The key to that collective success, which now includes the organization’s first 60-win season and first number one seed in the Western Conference Playoffs since the team arrived in Oklahoma City, has been the dedication by the team for the past five years. It wasn’t an overnight jump from the lottery to contention, but rather the slow burn of progress or a house built brick-by-brick depending on your choice of metaphor. The gradual steps were never rushed and the team was allowed to grow and develop at its own pace and rhythm.
“We’ve always stayed together,” Brooks said. “We’ve always focused on us. Just that consistent approach is hard to do. I’m proud that we’ve done it. We’ve done it for a lot of years now.”
The Thunder is in its fifth straight season of improving its record, including two straight years with an over .700 winning percentage. By finding consistency from week-to-week, game-to-game and quarter-to-quarter, Brooks’ squad and leaders like Kevin Durant and Russell Westbrook have helped navigate the Thunder in the right direction all season. The team has stuck to its principles, maintained a defense-first attitude and dictated its pace, tempo and style to its opponents all year.
“I think it’s maturity and getting older,” Westbrook said. “This year we did a good job of playing our brand of basketball.”
For a group of basketball players who mostly spent their high school and collegiate basketball careers without restrictions because they were the best player on the floor at all times, it can at first be unnatural to limit oneself within a team framework. The Thunder has been fantastic all year at subverting individual goals and devoting themselves to team objectives.
Nowhere was that more evident than from Kevin Durant, who will likely finish the season with nearly unheard of shooting splits of above 50 percent from the field, above 40 percent from the three-point line and above 90 percent from the three-point line. In addition, Durant will come within a point of winning the scoring title for the last four years. Durant could have gunned for that accomplishment, which would have put him in a category with only Wilt Chamberlin and Michael Jordan. Instead, he set the tone for every man on the roster, and the organization as a whole, by playing unselfish, team first basketball.

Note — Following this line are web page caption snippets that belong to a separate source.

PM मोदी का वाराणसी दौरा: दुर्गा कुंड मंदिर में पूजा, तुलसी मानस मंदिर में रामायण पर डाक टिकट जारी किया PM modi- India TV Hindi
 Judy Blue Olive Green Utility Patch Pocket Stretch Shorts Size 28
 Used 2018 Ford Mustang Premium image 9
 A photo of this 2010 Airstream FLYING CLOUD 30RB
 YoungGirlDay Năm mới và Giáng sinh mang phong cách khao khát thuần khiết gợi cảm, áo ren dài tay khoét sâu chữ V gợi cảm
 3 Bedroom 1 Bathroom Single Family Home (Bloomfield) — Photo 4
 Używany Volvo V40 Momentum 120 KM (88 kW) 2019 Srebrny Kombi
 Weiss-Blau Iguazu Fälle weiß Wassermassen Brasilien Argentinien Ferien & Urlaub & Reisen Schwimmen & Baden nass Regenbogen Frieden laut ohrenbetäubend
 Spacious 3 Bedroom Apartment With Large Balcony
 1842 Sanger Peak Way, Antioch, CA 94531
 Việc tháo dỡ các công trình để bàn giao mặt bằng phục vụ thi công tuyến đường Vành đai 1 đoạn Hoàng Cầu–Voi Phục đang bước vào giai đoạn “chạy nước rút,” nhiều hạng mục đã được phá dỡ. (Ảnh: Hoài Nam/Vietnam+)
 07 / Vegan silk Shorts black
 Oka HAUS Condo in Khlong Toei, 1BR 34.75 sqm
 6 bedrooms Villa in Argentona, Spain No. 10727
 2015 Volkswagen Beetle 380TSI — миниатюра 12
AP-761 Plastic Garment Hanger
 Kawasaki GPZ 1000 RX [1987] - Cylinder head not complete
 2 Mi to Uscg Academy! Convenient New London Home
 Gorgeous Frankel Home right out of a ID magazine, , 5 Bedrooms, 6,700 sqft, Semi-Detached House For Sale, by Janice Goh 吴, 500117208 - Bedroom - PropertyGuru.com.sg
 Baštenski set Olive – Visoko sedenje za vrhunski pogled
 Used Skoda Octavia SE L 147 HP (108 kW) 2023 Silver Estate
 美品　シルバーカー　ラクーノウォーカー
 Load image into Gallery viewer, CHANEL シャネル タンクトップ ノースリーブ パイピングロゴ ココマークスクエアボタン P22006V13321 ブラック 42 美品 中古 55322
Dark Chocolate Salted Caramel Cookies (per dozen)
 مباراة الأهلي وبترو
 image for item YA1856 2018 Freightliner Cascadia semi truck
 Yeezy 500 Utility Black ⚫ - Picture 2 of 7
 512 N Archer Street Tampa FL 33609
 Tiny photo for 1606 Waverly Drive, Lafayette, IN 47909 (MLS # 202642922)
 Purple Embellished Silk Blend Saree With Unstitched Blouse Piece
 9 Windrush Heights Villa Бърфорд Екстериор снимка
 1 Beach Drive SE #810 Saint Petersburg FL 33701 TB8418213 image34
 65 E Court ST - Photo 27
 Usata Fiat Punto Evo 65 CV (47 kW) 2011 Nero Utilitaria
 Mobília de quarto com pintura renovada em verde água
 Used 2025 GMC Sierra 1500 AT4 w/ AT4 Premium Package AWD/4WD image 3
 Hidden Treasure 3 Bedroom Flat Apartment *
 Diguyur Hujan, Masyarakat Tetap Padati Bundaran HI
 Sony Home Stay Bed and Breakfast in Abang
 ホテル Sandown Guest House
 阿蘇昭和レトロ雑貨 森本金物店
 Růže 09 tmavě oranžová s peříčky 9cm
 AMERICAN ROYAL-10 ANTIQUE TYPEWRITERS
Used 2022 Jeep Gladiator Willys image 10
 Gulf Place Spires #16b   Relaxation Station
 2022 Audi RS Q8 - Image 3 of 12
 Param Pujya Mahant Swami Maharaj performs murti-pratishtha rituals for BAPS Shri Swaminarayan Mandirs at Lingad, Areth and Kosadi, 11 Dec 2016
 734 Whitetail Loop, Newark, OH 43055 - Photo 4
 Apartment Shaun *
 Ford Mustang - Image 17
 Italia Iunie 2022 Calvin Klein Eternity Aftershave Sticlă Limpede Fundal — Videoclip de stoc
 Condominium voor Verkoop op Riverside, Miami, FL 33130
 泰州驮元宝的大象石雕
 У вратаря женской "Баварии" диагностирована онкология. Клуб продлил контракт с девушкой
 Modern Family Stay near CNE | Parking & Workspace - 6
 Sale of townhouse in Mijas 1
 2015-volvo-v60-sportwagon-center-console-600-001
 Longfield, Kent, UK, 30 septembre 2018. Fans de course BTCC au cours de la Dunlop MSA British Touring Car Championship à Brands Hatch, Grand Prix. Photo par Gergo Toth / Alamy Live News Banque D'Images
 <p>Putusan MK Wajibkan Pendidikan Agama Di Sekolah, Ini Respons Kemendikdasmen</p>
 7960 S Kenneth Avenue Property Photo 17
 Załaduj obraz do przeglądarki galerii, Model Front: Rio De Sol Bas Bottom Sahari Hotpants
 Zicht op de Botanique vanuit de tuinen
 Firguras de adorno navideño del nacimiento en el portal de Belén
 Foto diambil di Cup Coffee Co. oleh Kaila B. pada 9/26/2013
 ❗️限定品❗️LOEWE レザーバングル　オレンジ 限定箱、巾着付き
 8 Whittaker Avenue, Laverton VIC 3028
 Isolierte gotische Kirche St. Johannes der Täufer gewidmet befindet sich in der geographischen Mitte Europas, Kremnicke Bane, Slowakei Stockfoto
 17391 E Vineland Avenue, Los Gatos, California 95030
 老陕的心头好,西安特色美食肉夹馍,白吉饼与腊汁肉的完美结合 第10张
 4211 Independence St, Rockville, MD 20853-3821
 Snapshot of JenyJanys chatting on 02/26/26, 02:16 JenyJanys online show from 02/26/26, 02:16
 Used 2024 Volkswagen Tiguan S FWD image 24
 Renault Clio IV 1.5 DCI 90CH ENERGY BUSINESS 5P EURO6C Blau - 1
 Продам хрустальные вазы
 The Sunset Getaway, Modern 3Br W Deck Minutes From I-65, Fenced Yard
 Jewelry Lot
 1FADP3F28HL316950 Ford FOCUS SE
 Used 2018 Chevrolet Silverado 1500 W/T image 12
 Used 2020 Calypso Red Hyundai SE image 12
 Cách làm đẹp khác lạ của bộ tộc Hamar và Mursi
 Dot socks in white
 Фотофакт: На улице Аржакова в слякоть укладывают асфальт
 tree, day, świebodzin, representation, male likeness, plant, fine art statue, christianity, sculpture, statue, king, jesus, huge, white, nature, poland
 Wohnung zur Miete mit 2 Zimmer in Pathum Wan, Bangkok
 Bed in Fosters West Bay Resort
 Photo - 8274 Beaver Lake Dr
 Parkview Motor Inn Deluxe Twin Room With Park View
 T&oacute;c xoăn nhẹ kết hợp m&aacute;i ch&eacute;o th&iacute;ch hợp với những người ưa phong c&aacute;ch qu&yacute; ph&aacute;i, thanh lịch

“I give Kevin a lot of credit because 10 games ago, if he was really focused on trying to get it four years in a row, he could have gotten it easily,” Brooks said. “That’s never been a focus. He wants to win a championship like everyone in the locker room and he’s always doing the right things for the team.”
“That has to be a commitment from everyone,” Brooks continued. “That can’t be from your players who score the most points or play the most minutes. Everyone has to chip in in that area. Everybody has done that this year.”
The implicit message Durant, as one of the leaders, has sent to his team is one it already knew, understood and embodied, but it was important nonetheless. For veterans like Nick Collison and former NBA Champions Kendrick Perkins and Derek Fisher, the ability for players from every part of the roster to buy in fully to the team concept and value those goals over any other is critical. With everyone on the same page and completely committed to the common good, the organization can head into the NBA Playoffs operating with complete trust in one another.
“It’s a real thing to have a common goal of winning a championship,” Collison said. “I think that’s what has changed here. That’s where we’re at right now. Those other things don’t seem as important as they once did. It’s good to be a part of it. Now the tough part of the season comes. So we’ll have to be ready to go.”